For one thing, we’ve finally understood the structure of the NGO, and the data. I recently read again the description of the data and realised that almost everything was there. But during the first week, it was just impossible to understand it, as too many things were new: the team, the data, and the NGO. But now we know much better what we have in our hands, and I’m glad to be working for an NGO as I understand better the complexity and specificity of their functioning. And data is mostly clean! It took so long to do it; the data was such a mess (hello email address stored with phones, O instead of 0, inconsistent data split across many sheet..). The trouble is, making a machine reading what has been stored to be read by a human is not straightforward. Many old companies and charities have legacy databases that have been imported into very compliant databases. That’s were our cleaning began.
Then obviously the data is not stored as we need it. Not just for the analysis, but also to understand what we can do. For too long during this project we’ve looked at the mess of data we had without being able to question it. But now we’re ready and still have time to see what we can do!

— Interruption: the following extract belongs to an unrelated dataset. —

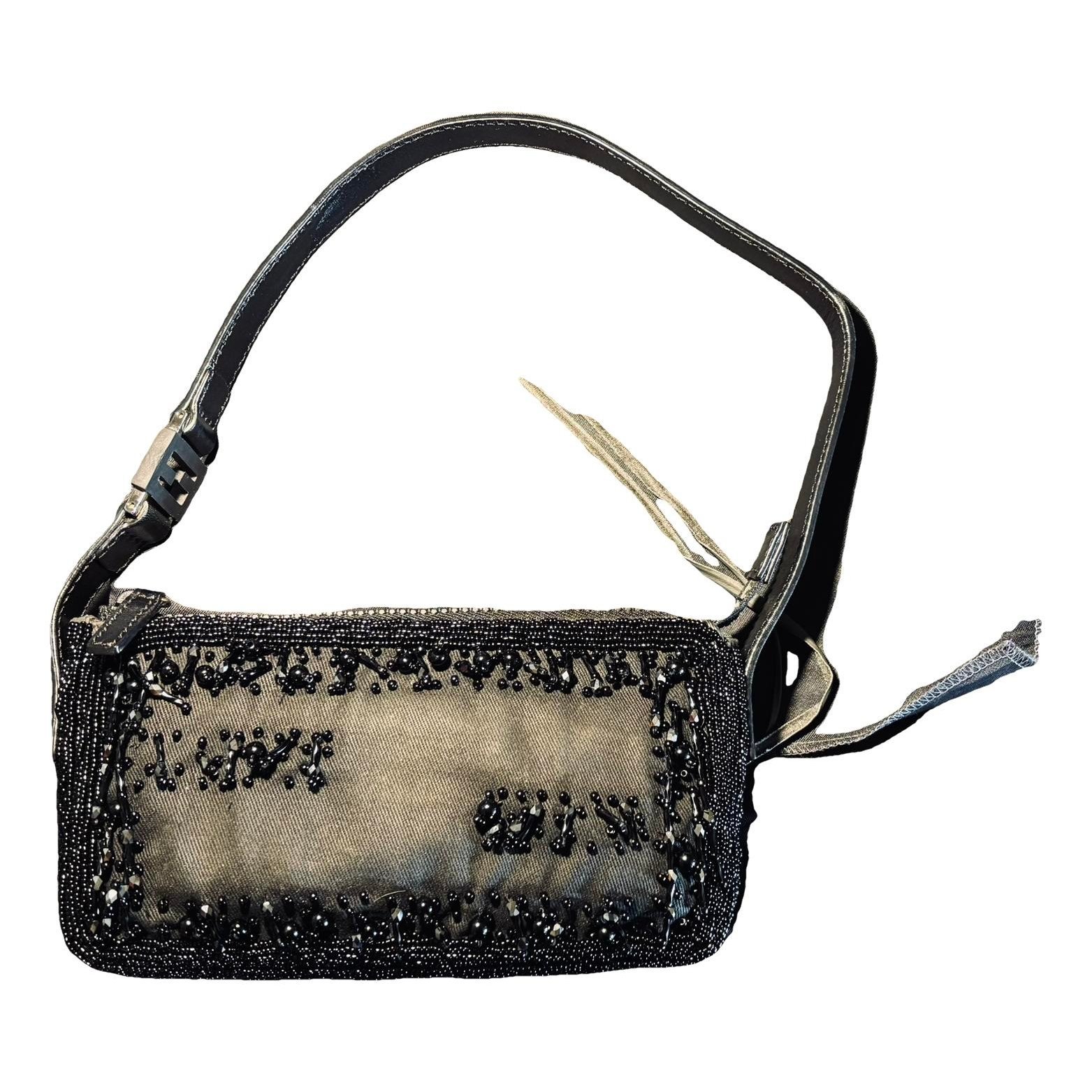 Baguette glitter handbag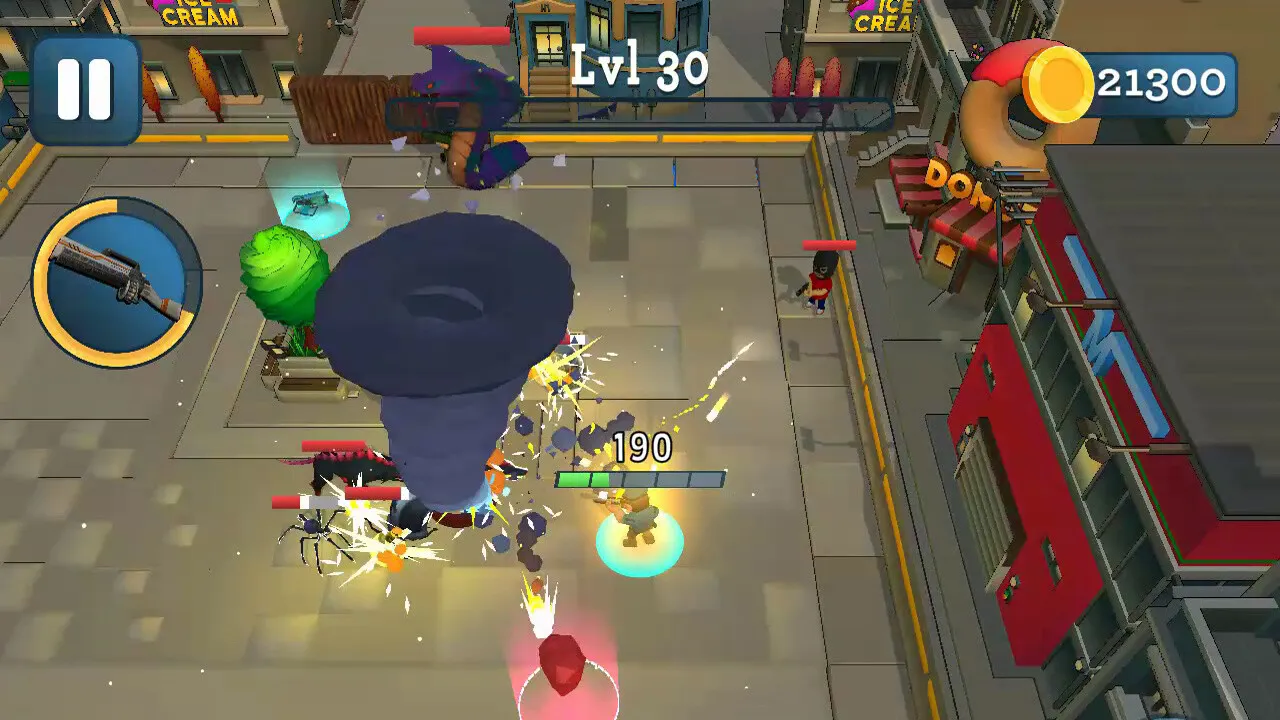 Rogue City: Casual Top Down Shooter screenshot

What have I learned so far?

Our projet so far has mainly consisted of data cleaning, data sourcing, database handling, and data propping. Others in the group are currently doing some natural language processing, or spatial analysis.

Data sourcing

I’ve managed to source data from a Facebook page (using their API), Twitter (with twitter search API and Twitter API), and a forum (using scrapy).
Interestingly, a Facebook page has the same structure than a forum: multiple posts, each of them having comments; a bit like a tree. At first I found it hard to get the hang of the step order and loops to walk through each post, its comments, and going to the next post. At some point I was reopening the file storing comments and erasing all data in! Anyway, I managed something mostly satisfactory and hope to have learned for next time.
With Twitter I learned a lot about ‘waiting’ since we cannot scrape that much data.. it took my computer 2 days to scrape 50k followers.
With the forum, I sharpened again my xpath skills, which is really good to be able to extract info from structured pages such as html and xml documents.
I’m also becoming a master at using command lines to merge CSV files, merge Excel sheets into one, and generally mess things around. The day I sent a file into a non-existing folder is way behind me (what happened to that file? it went into nothingness apparently..)

Data cleaning

We had data of different formats, especially text, but also dates and phone numbers. Some dates were not entered in a recognised format so we had to transform it: e.g. 20061203.0 for 3rd March 2006. I managed to clean it out so pandas could read it as a date. The phone numbers were largely unconsistent, not just because some used a space, a dash, or dots, but also the country code as +44, +44 (0), or 0044. Worst was “Lancs 12345” to indicate Lancashire prefix followed with 12345. huh. Serioulously. Many were stored this way.

Database handling

So far I had mainly used MySQL to stored data and iteract with it in PHP and SQL. This time we used sqlite, and we query it from python. That’s really handy, since we have 2Gb csv files. We also used draw.io to draw the database structure in a collaborative way.
Now that the data is mostly clean, we can finally query it!